Copy, exactly as written, the lines that begin at the one containing "Blouse, F&F, 9" and end at the one containing "3327 Lansing St, Hemet, CA 92543 - Photo 25". Skip any pictures in the data below.

• _DATA FOR THIS EXERCISE_
______________________________

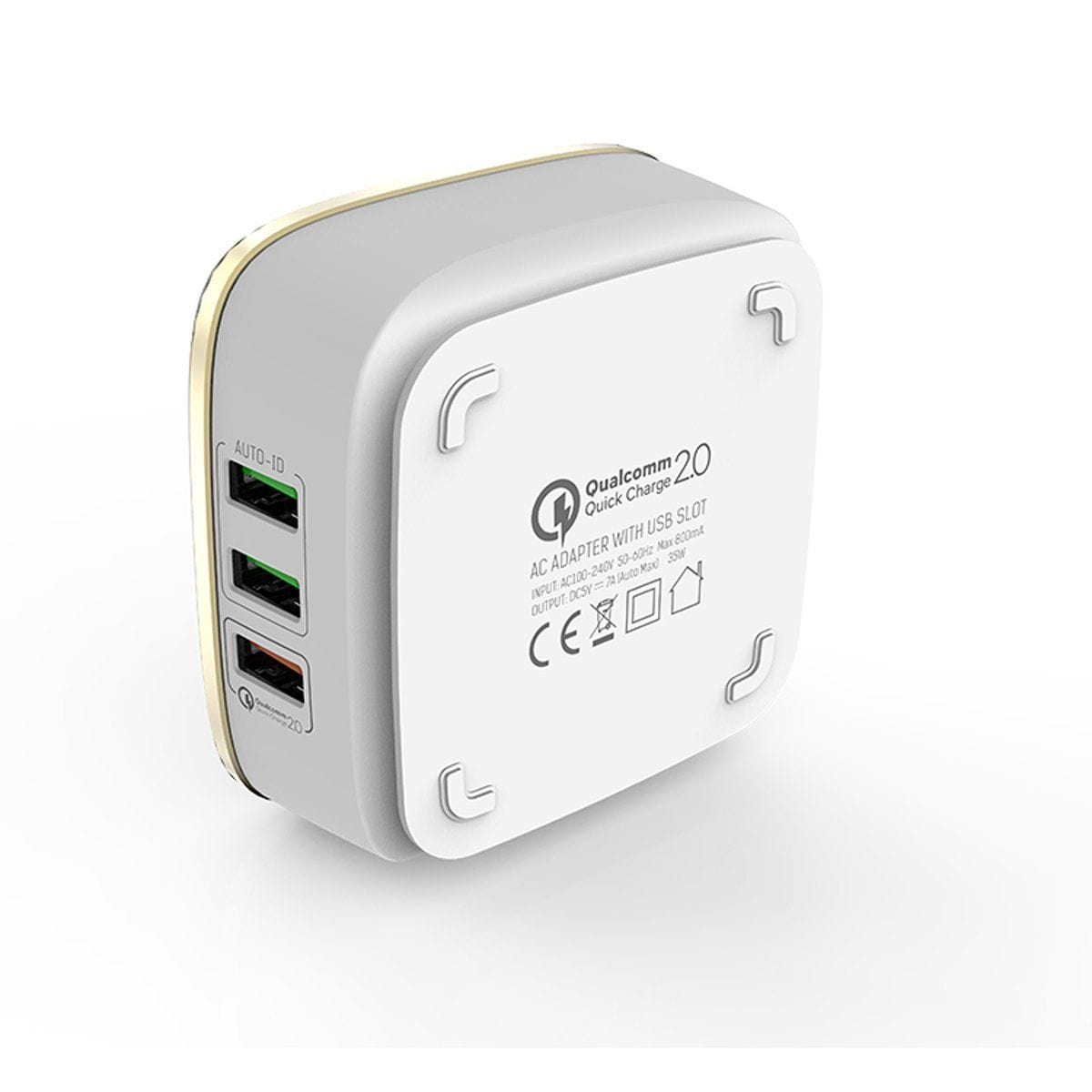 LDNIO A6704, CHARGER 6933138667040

______________________________

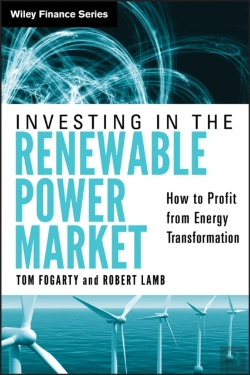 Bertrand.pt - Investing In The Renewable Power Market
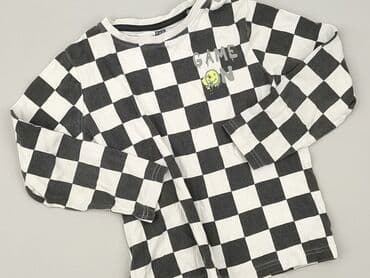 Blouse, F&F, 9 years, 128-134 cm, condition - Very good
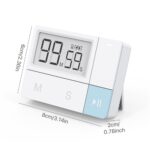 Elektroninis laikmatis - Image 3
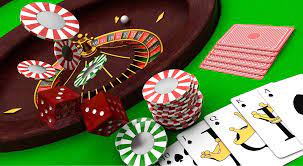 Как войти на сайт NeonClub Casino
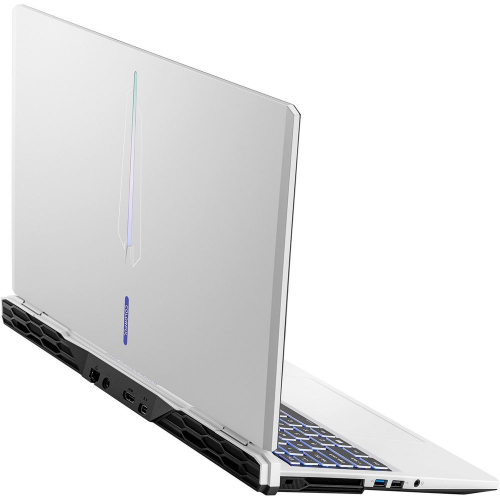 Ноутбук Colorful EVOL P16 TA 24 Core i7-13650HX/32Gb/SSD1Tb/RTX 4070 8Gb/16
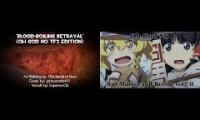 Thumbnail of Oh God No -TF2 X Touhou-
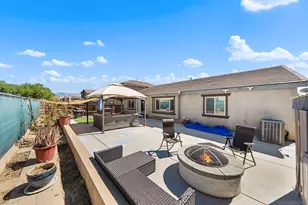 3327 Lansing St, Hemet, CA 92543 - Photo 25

______________________________

• _ANSWER TO THE PROBLEM_
 Blouse, F&F, 9 years, 128-134 cm, condition - Very good
 Elektroninis laikmatis - Image 3
 Как войти на сайт NeonClub Casino
 Ноутбук Colorful EVOL P16 TA 24 Core i7-13650HX/32Gb/SSD1Tb/RTX 4070 8Gb/16
 Thumbnail of Oh God No -TF2 X Touhou-
 3327 Lansing St, Hemet, CA 92543 - Photo 25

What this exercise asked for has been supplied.